More people investigated the case early, Denney said, in part because one of the incidents involved the freeway. The sheriff's office and MADIU first focused on the Callahan's lodge homicide, while resources from Oregon State police and the multi-agency Serious/Fatal Traffic Accident Reconstruction team focused on the I-5 crime scene.

Reaching next-of-kin was a challenge Saturday for investigators, Denney said, particularly in the search for Norman's family because he was from out of the area.

The Oregon Department of Transportation closed one lane on Interstate 5 shortly after 7 a.m. and both lanes were closed shortly after 9 a.m. Saturday. The traffic lanes didn't reopen until just after 3 p.m.

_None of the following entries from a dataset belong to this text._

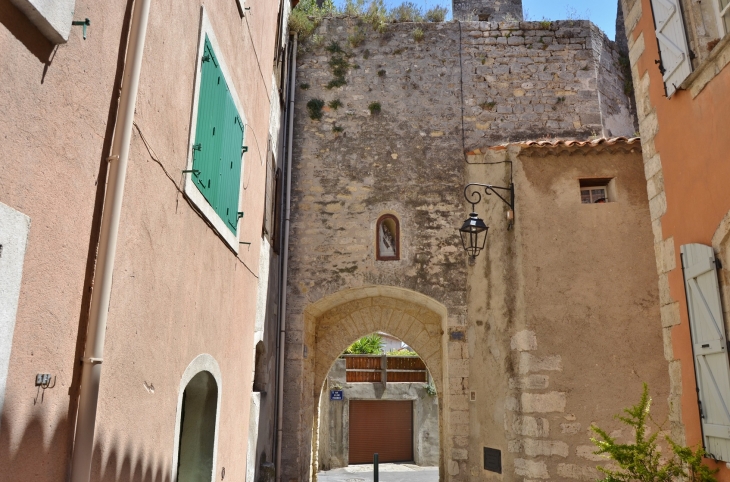 Porte de la Vieille Ville - Saint-Mitre-les-Remparts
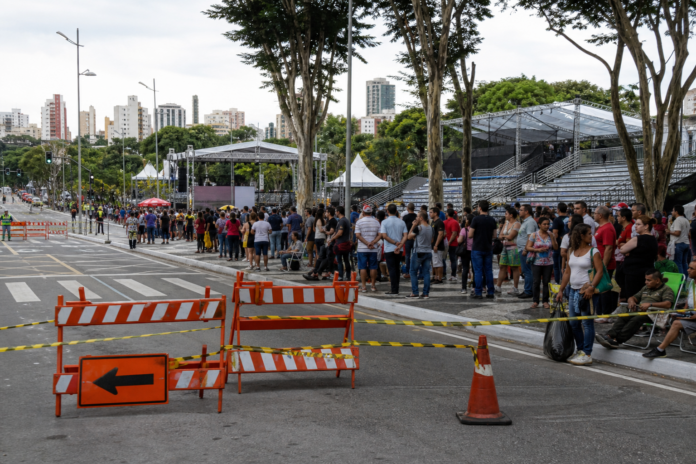 Desfile de 7 de Setembro interdita 21 vias ao redor do Diva Paim Barth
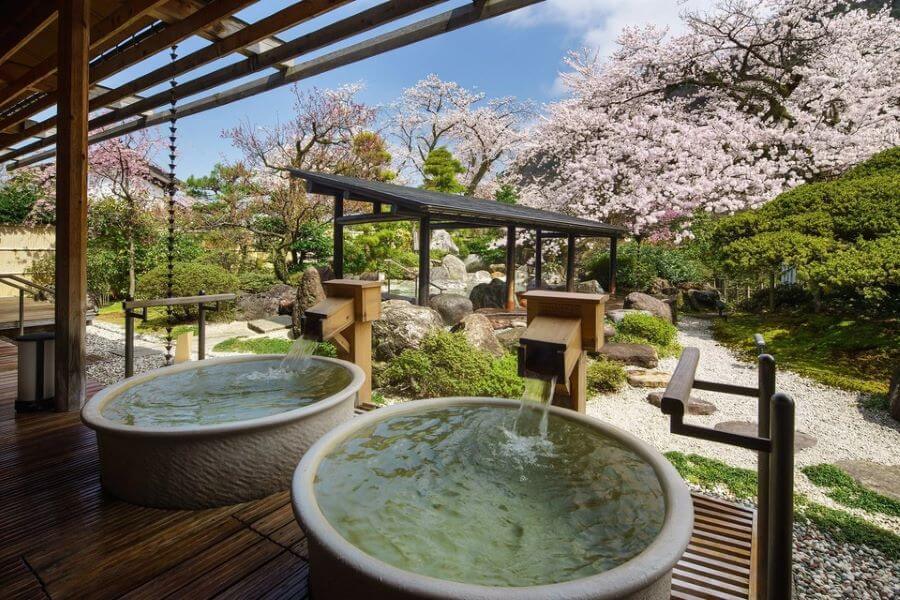 Tắm onsen tại Beppu vào tháng 3 là một trải nghiệm tuyệt vời và không thể bỏ qua khi du lịch Nhật Bản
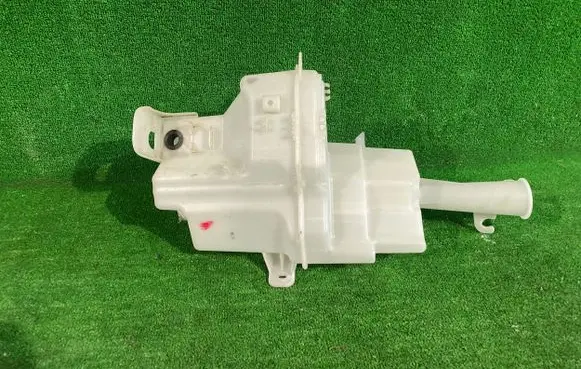 Hyundai Kona I Windshield washer fluid reservoir/tank 98610-J9200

The new FARO crime scene imaging system reduced the time that the freeway needed to be closed Saturday, Denney said. The scanner creates a 3-D view of the scene, complete with images and measurements and is more effective than taking photos, video and measurements separately.

Investigators are still working to piece together what motivated Norman's actions, and ask anyone who may have had contact with him leading up to the shooting to contact detectives at 541-774-6800 and reference case number 17-20750.

Sickler said investigators are trying to gather as many answers as they can.

“Obviously, we’re not looking for a suspect,” Sickler said. “Nonetheless we want to make sure we do a thorough investigation as to what prompted this kind of action.”